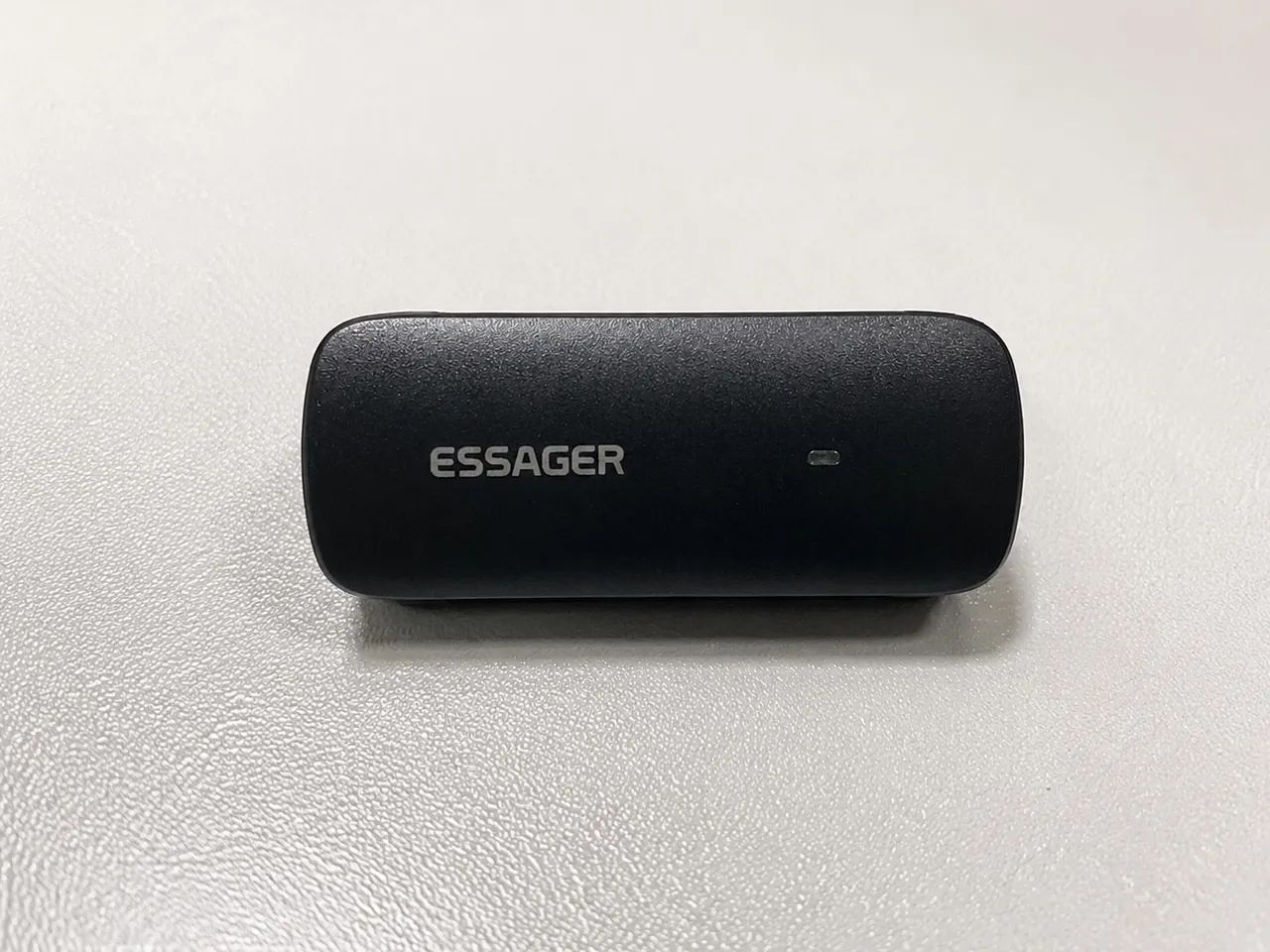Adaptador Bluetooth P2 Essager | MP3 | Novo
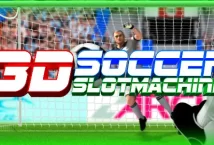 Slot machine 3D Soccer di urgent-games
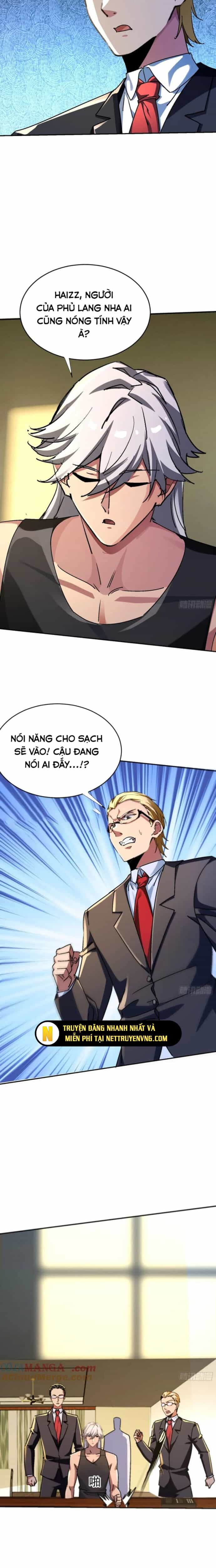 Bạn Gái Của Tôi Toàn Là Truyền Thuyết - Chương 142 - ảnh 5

■ TASK TO CARRY OUT:
Would you write out all of the data exactly as it stands, without the pictures?

■ EXERCISE RESULT:
Adaptador Bluetooth P2 Essager | MP3 | Novo
 Slot machine 3D Soccer di urgent-games
 Bạn Gái Của Tôi Toàn Là Truyền Thuyết - Chương 142 - ảnh 5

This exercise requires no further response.